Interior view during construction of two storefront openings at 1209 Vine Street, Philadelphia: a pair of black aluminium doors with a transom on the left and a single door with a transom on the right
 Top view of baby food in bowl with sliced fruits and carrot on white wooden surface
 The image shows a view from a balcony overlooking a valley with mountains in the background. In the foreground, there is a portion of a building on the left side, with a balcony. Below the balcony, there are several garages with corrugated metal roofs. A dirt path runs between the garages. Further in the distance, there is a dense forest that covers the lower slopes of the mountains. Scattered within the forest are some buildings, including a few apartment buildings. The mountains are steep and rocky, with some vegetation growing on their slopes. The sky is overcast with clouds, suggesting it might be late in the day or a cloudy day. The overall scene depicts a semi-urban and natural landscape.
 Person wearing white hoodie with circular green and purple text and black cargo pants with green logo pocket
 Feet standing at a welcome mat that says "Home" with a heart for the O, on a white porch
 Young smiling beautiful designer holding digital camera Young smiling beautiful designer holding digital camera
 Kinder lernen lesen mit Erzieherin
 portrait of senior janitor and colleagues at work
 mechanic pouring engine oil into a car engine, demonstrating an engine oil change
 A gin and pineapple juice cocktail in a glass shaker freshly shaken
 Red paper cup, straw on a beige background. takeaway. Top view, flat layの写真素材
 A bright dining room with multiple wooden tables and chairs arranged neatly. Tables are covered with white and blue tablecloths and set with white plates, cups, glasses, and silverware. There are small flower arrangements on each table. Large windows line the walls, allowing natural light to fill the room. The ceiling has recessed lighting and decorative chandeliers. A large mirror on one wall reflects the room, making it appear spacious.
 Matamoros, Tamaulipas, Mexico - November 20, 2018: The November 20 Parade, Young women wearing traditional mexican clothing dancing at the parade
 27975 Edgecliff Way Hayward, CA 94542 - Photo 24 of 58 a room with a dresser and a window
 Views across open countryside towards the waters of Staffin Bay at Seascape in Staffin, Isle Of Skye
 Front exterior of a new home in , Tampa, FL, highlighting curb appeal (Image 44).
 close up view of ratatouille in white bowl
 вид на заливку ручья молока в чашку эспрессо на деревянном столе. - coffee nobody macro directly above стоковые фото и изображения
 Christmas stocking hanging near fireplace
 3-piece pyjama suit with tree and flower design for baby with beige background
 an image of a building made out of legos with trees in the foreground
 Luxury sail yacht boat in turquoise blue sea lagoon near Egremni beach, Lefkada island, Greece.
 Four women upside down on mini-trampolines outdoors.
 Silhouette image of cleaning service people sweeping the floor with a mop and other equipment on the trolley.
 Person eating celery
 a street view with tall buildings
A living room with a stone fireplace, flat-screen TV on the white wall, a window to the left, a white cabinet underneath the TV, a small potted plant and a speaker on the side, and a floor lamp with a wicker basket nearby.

***

> WHAT THE TASK ASKS
Quote the records above from their first line through the line containing "Top view of", both ends included.

> SOLVED PROBLEM
Interior view during construction of two storefront openings at 1209 Vine Street, Philadelphia: a pair of black aluminium doors with a transom on the left and a single door with a transom on the right
 Top view of baby food in bowl with sliced fruits and carrot on white wooden surface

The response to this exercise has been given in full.